Paul Polman, the ex-P&G executive now controversially installed as chief executive of Unilever, likes to think of himself as a “simple man” from a “simple town” and a “simple background”. “That’s why I like consumer goods,” he adds.

So I was somewhat surprised to find him in a more mystical frame of mind later in the FT article. There is, he says, more synergy between some of the company’s food and beauty brands than between its home and personal care brands. And he goes on to suggest, enigmatically, that some of the technologies developed for its tea and ice-cream products have applications in skin creams. “Inner beauty and outer beauty are closely related… we think that is a competitive advantage.”

Whatever does he mean? That Wall’s ice-cream has a secondary application as Dove hand lotion? Or that you can squirt Lynx in your tea and gain extra sex appeal?
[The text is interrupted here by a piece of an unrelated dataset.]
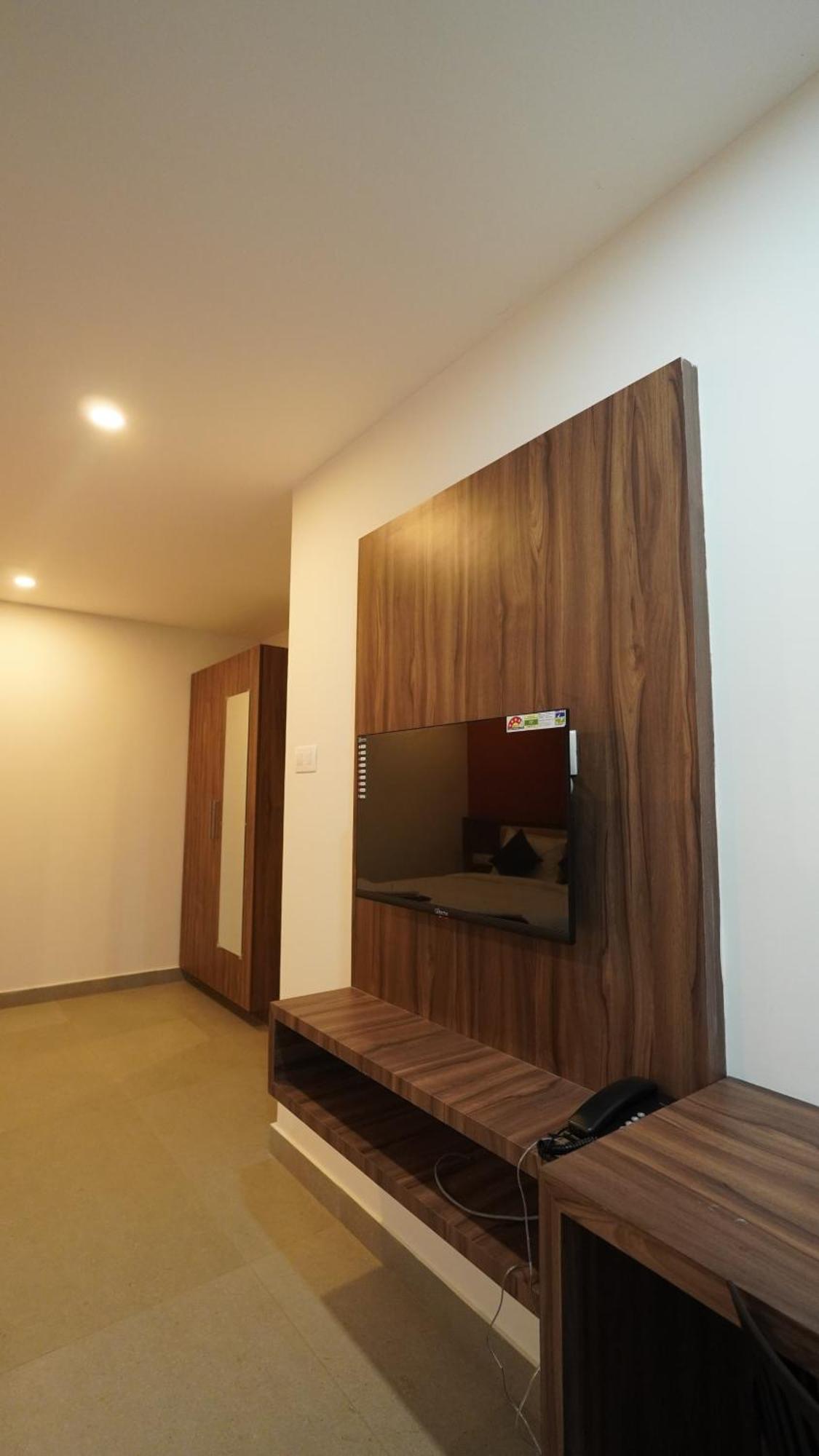 Hotel Hive Inn - Kozhikode Exterior photo
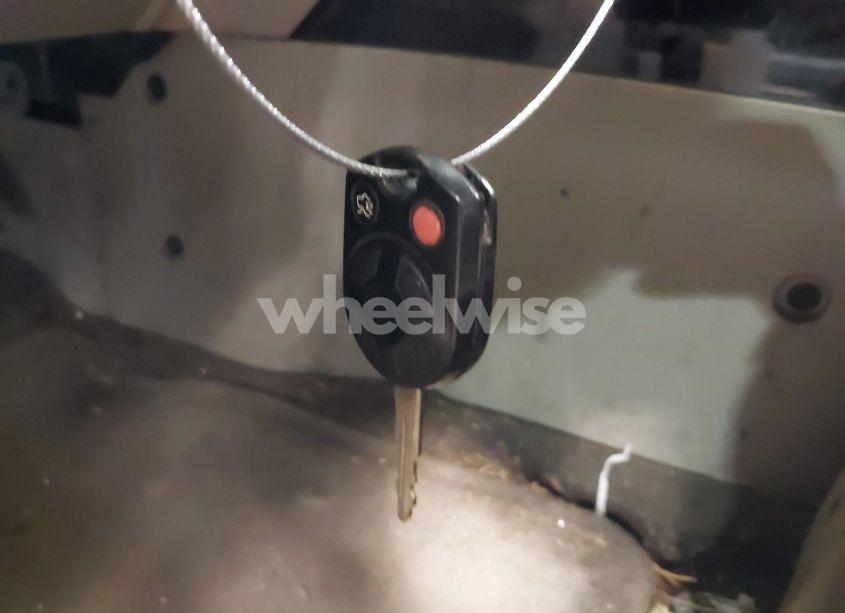 Photo 11 of 2010 Ford Escape HYBRID LIMITED (VIN 1FMCU4K31AKC15842)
I think not. Polman’s last job was as a senior executive at Nestlé, where he played an important role promoting it as a “nutrition, health and wellness” company rather than the un-PC confectionery-maker that we are all more accustomed to. As part of this corporate transformation, Nestlé has created an interesting joint-venture with L’Oréal, the cosmetics company which Nestlé part owns. Called Inneov, its nutraceutical products blend Nestle’s nutritional insights with L’Oréal’s dermatological research.

At the time of Inneov’s foundation, in 2002, Nestlé rightly claimed to have come up with an industry first. So, I am not entirely sure how Polman, in borrowing Nestlé’s strategy, thinks he is creating a “competitive advantage.”